Der Internationale Strafgerichtshof in Den Haag (ICC) erließ am Freitag einen Haftbefehl gegen den russischen Präsidenten. Putin wird vorgeworfen, für die Entführung Hunderter Kinder aus der Ukraine nach Russland verantwortlich zu sein. Die Ermittlungen würden indes fortgesetzt, sagte Chefankläger Karim Khan. Weitere Haftbefehle sind nicht ausgeschlossen.

Ein Staatspräsident soll sich für mögliche Kriegsverbrechen verantworten. Bei diesen Worten werden gerade am heutigen Tag rasch Parallelen gezogen: Am 20. März vor genau 20 Jahren begannen federführend die USA mit Großbritannien mit einer "Koalition der Willigen" einen Krieg im Irak – ohne ein Mandat der Vereinten Nationen. Die USA begründeten ihren Einsatz mit angeblichen Massenvernichtungswaffen. Es handelte sich um eine glatte Lüge.
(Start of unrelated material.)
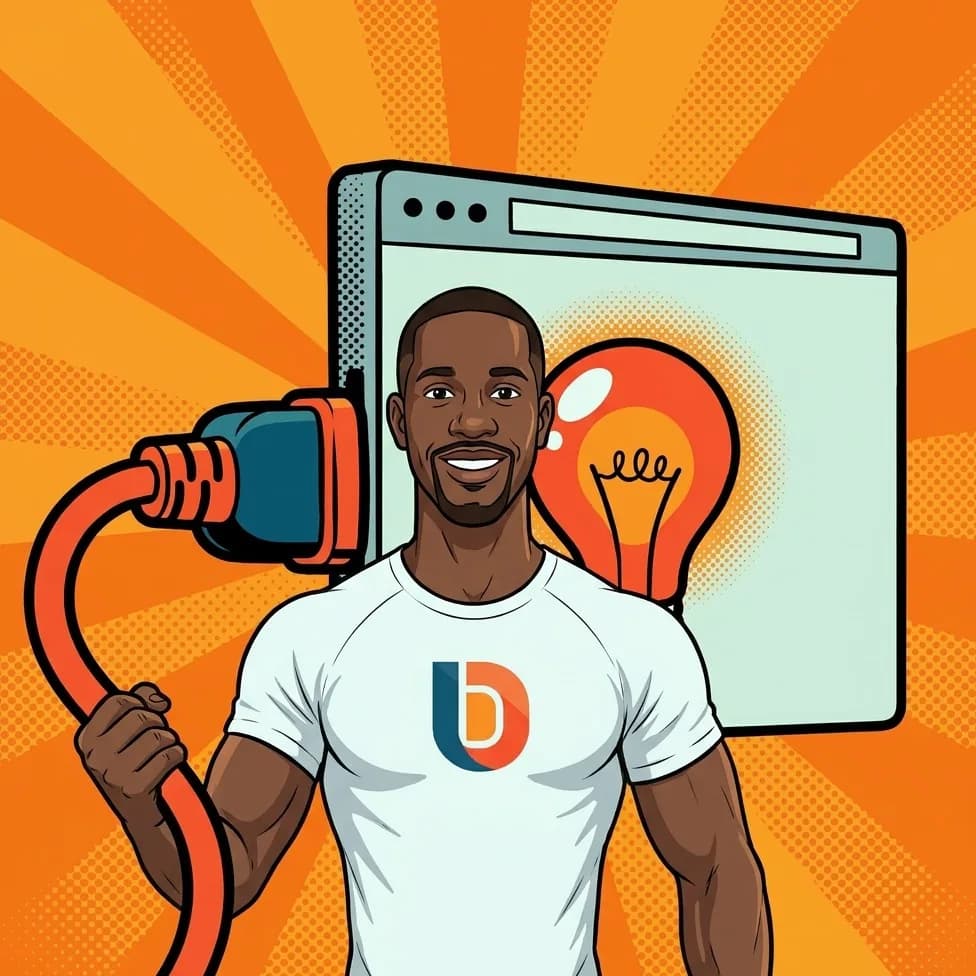 Dimitri plugging a cable into a web browser window, a light bulb lit inside it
Doch die Entscheider George W. Bush in den USA und Tony Blair in Großbritannien haben sich bis heute nicht in Den Haag oder sonst wo dafür verantworten müssen.

Wer vermeintliche Gemeinsamkeiten zwischen dem Krieg in der Ukraine und dem im Irak sucht, wird fündig. Zwei unbegründete völkerrechtswidrige Angriffe von Atommächten auf deutlich schwächere Staaten, die unschätzbares Chaos und Leid verursachten. Doch wer die Gemeinsamkeiten sieht, sollte die großen Unterschiede dabei nicht vergessen.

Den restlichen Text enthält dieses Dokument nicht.